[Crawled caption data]
^^^^

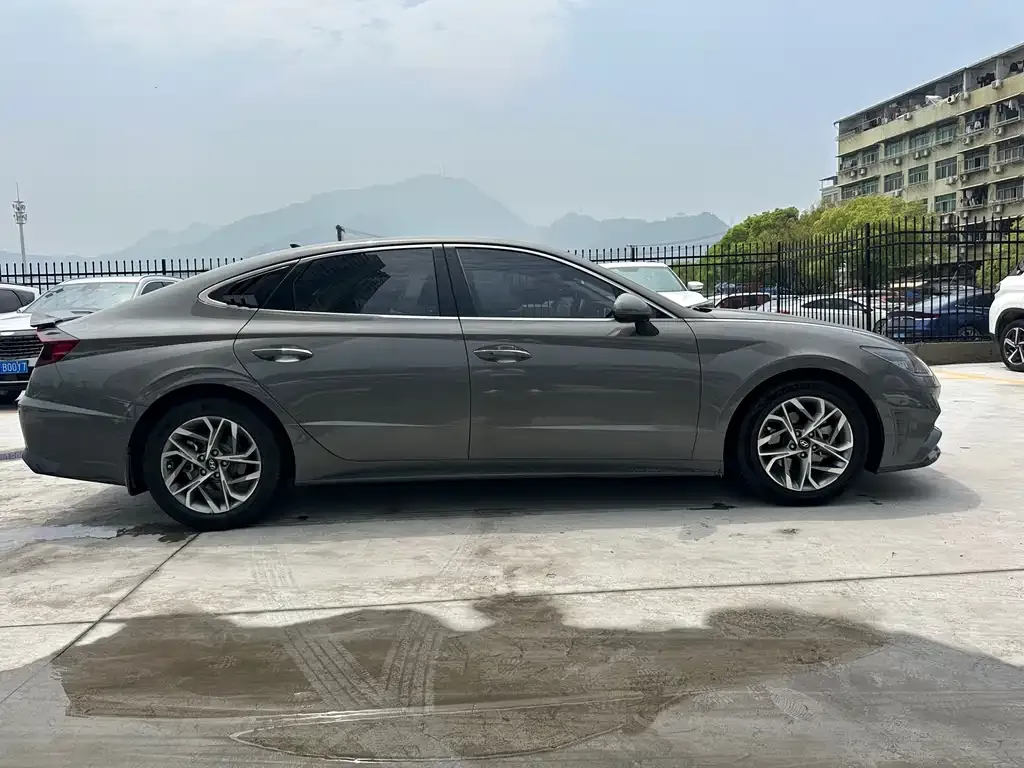 Hyundai Sonata — фото 6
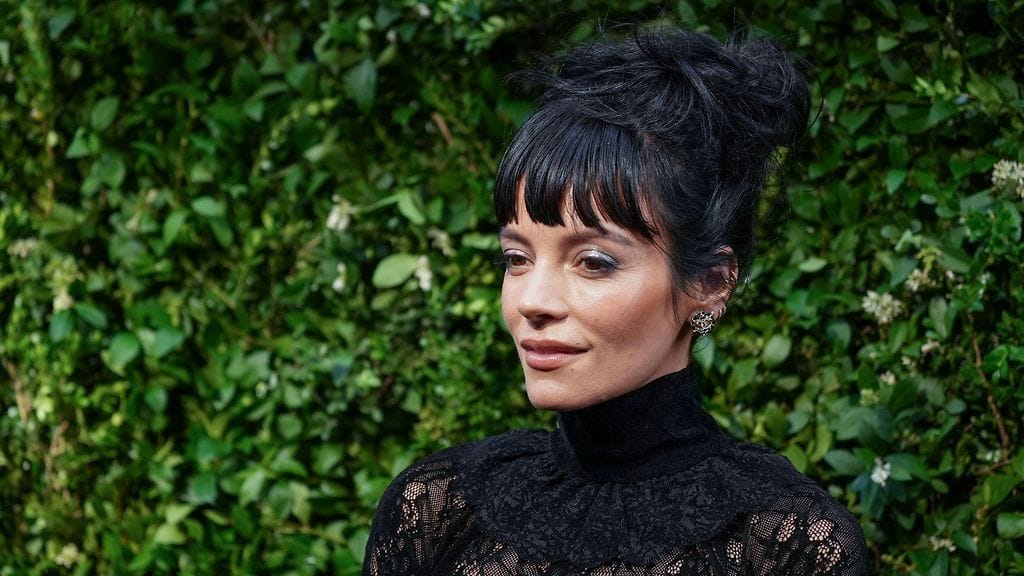 Lily Allen palautti korona-aikana adoptoimansa koiranpennun.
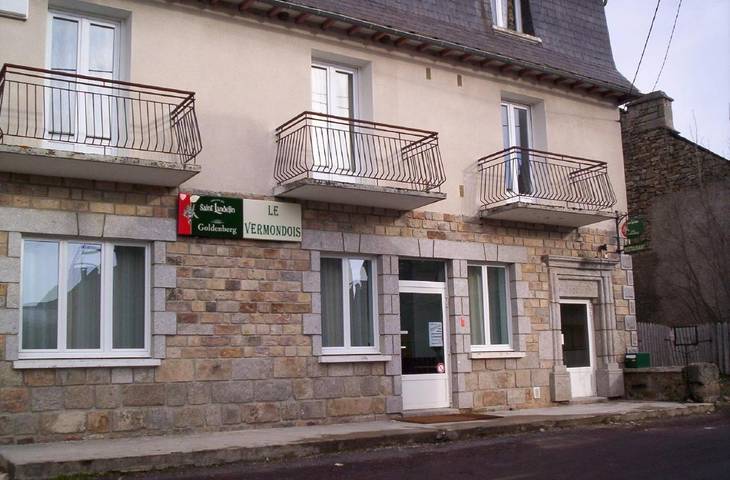 Hôtel pour 3 personnes, avec Balcon ainsi que Terrasse et Vue dans Les Monts-Verts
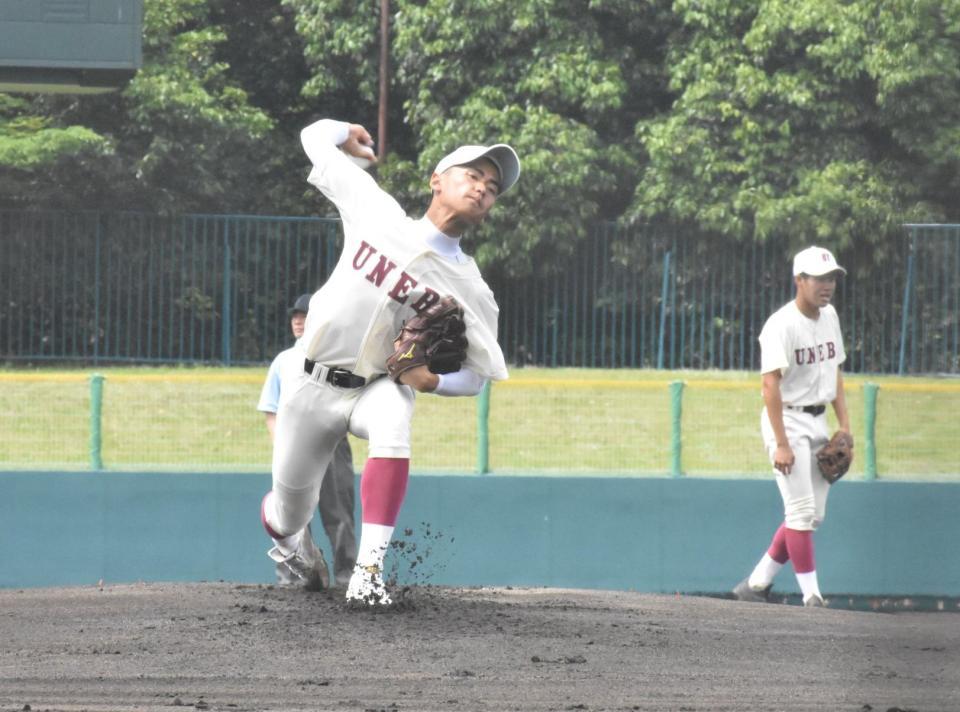 　先発としても３回を投げ力投した畝傍・若松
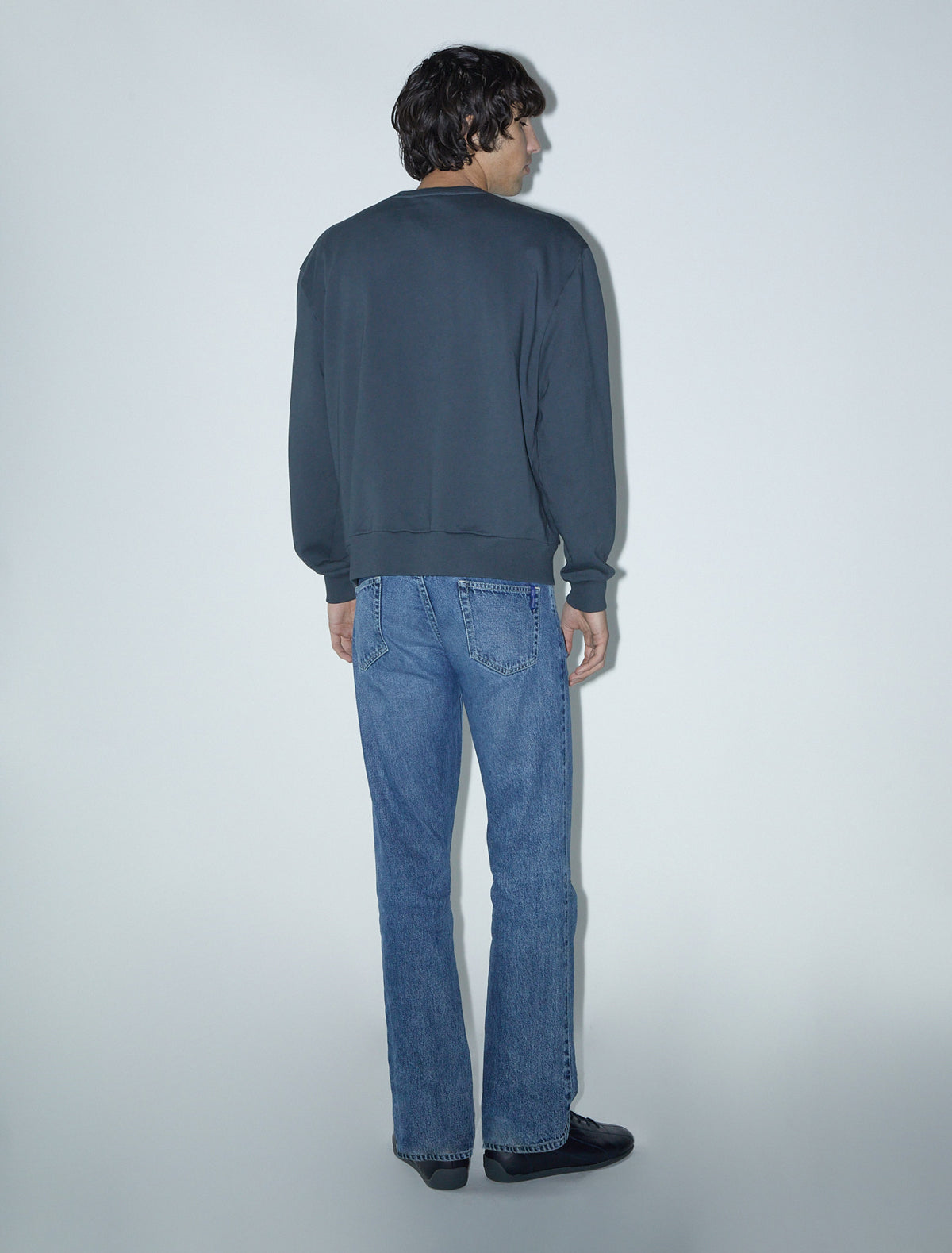 no 2059 / Crowd B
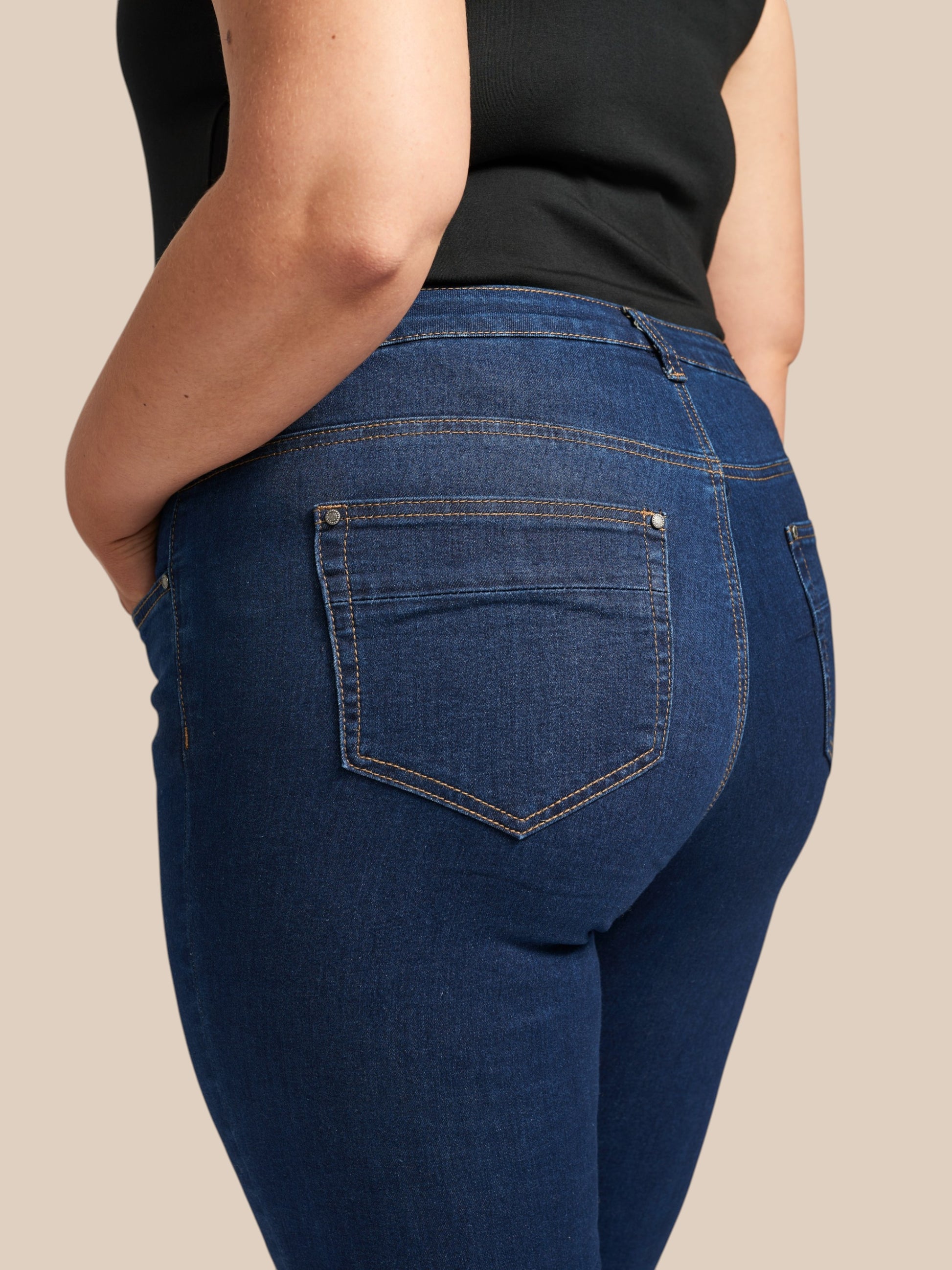 Adia blå jeans plads over maven og med smalle ben skøn plussize buks fra Adia.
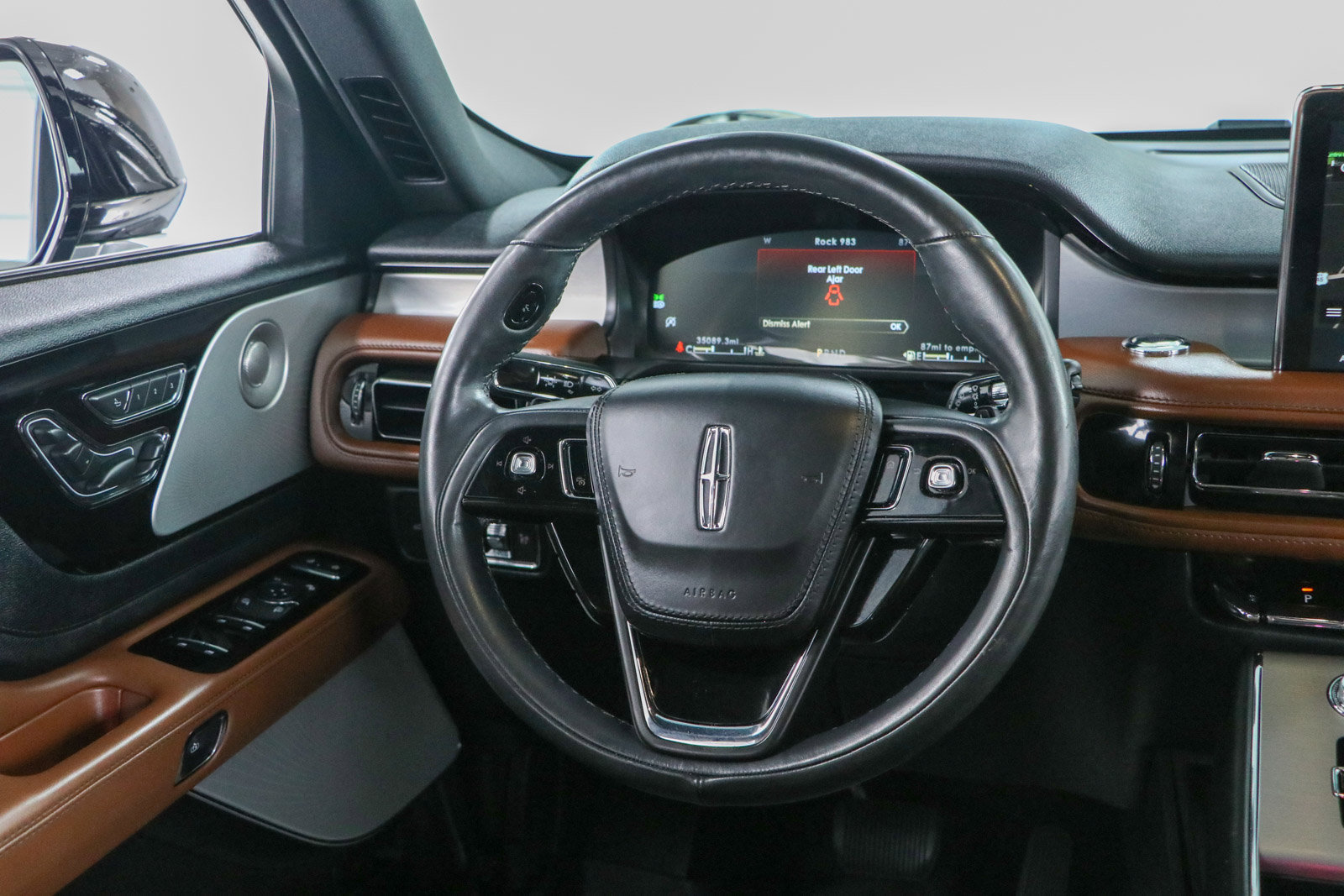 Used 2022 Lincoln Aviator Reserve w/ Equipment Group 201A AWD/4WD image 12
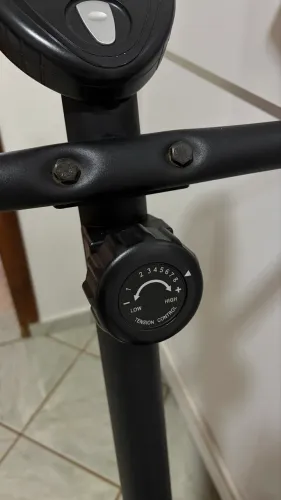 Bicicleta Ergométrica Athletic Action Vertical - Pouco Uso!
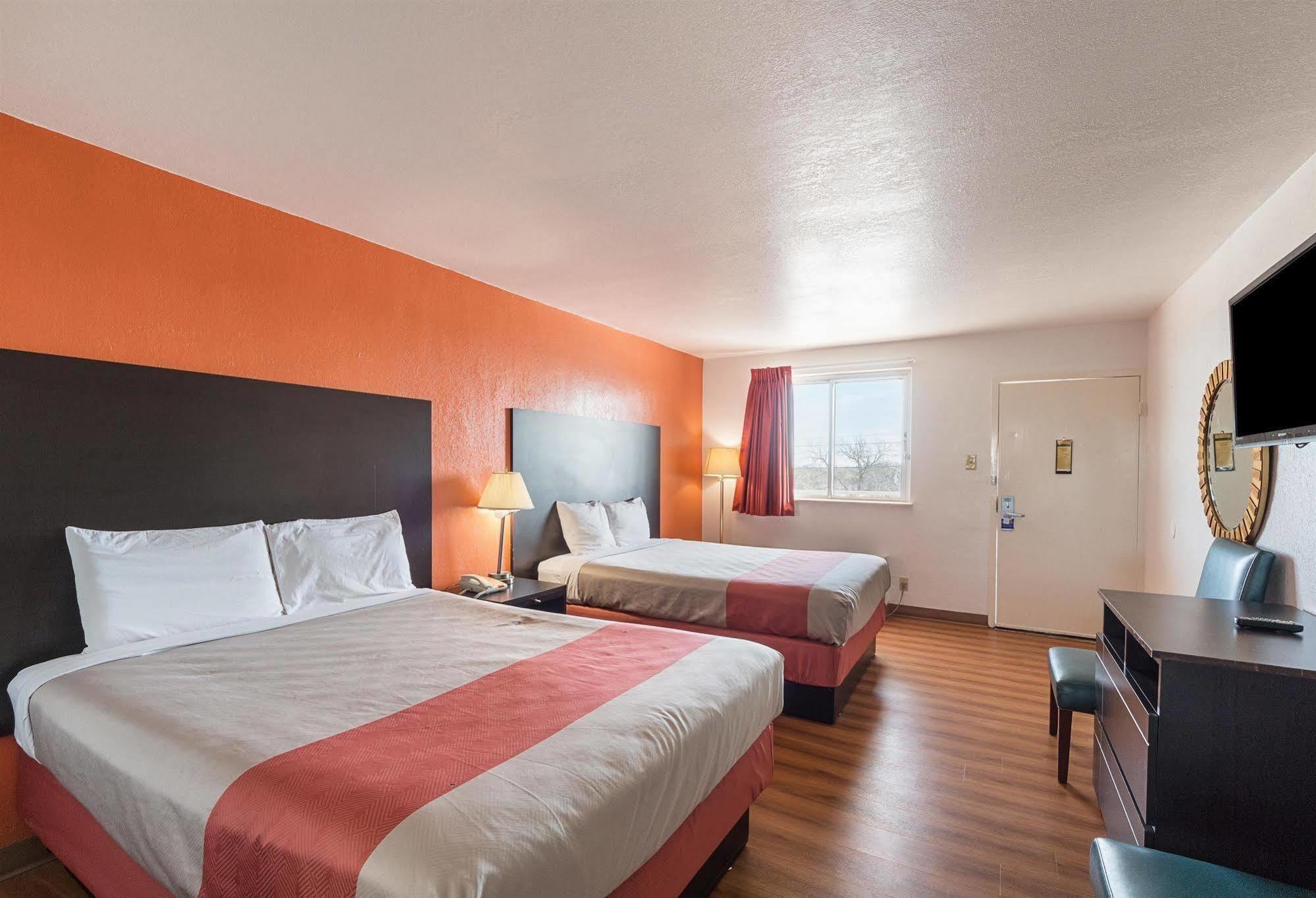 Motel 6 San Antonio Tx I10 West Esterno foto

^^^^

Write out only the lines from the one that contains "Used 2022 Lincoln" through the last line of the records above, both included, word for word and without the pictures.

 Used 2022 Lincoln Aviator Reserve w/ Equipment Group 201A AWD/4WD image 12
 Bicicleta Ergométrica Athletic Action Vertical - Pouco Uso!
 Motel 6 San Antonio Tx I10 West Esterno foto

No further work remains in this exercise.